De rechtbank gelooft dat de verdachte zich inderdaad in een bedreigende situatie bevond en zich mocht verdedigen. Hij werd immers door twee mannen in een nauwe steeg ingesloten, bestolen van zijn wiet en hij meende te zien dat één van de mannen een wapen wilde pakken. De verdachte zag de mannen eerder met wapens. Uit onderzoek blijkt ook dat zij met justitie in aanraking zijn geweest vanwege wapens.

Toch had de verdachte niet direct richting de mannen mogen schieten. Hij is daarmee volgens de rechtbank veel te ver gegaan.
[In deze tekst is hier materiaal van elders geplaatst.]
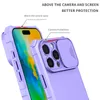 Dual Layer Hülle für iPhone 16 Pro Stossfest Robust Ständer Produktbild-Vorschau 5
De verdachte had bijvoorbeeld ook zijn wapen kunnen laten zien, kunnen dreigen met het wapen of in de lucht kunnen schieten.

Vriendendienst

De rechtbank zegt meer dan de officier van justitie rekening te willen houden met de omstandigheden waaronder het voorval plaatsvond. De verdachte was tijdens het delict 19 jaar. Hij beschouwde de mannen als vrienden aan wie hij een vriendendienst wilde leveren. Zij zagen de verdachte kennelijk als een makkelijk doelwit en maakten schaamteloos misbruik van hem.

Al met al vindt de rechtbank een celstraf van 8 jaar op zijn plaats. Daarnaast moet hij de nabestaanden schadevergoedingen betalen van in totaal ruim 37.500 euro.